中島英1,2, 樋口悠子1,2, 立野貴大1,2, 笹林大樹1,2, 中村美保子1,2, 上野摩耶1,2, 水上祐子1, 西山志満子1,3, 高橋努1,2, 住吉太幹4, 鈴木道雄1,2 (1.富山大学 学術研究部医学系 神経精神医学講座, 2.富山大学 アイドリング脳科学研究センター, 3.富山大学 学術研究部 教育研究推進系 保健管理センター, 4.国立精神・神経医療研究センター 精神保健研究所 児童・予防精神医学研究部)
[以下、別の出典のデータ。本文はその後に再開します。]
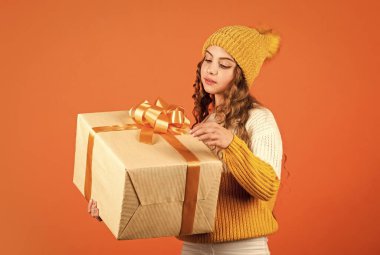 Entrika konsepti. Doğum günü kutlaması fikri. Doğum günü geleneği. Modaya uygun küçük kız örgü şapka ve kazak giyiyor. Doğum günü sürprizi. Güzel makyaj yüzü kıvırcık saç stili. Cömert hediye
【序論】事象関連電位は精神病性障害の診断的/機能的転帰の予測因子として期待されている。今回精神病発症リスク状態(ARMS)においてP300と持続長ミスマッチ陰性電位(dMMN)を縦断的に測定し、後の臨床指標との関連について調査した。【方法】30名のARMSを対象にP300、dMMN測定、症状評価(PANSS)、認知機能検査(BACS)を施行し、平均2.6年後に再検査を行った。本研究を行うにあたり当院倫理委員会の承認を得た。【結果】dMMN振幅は経過中に-0.75[μV](-7.4%)変化した。その変化量はPANSS陰性症状スコアの変化量と有意な負の相関がみられ(r=-0.461, p=0.010)、更にBACS総合得点の変化量と有意な正の相関(r=0.426, p=0.019)がみられた。P300にはこのような相関は認めなかった。【結論】MMN振幅は認知機能などの臨床症状とリンクして今後の機能的な変化を予測する生物学的な指標となりうる可能性が示唆された。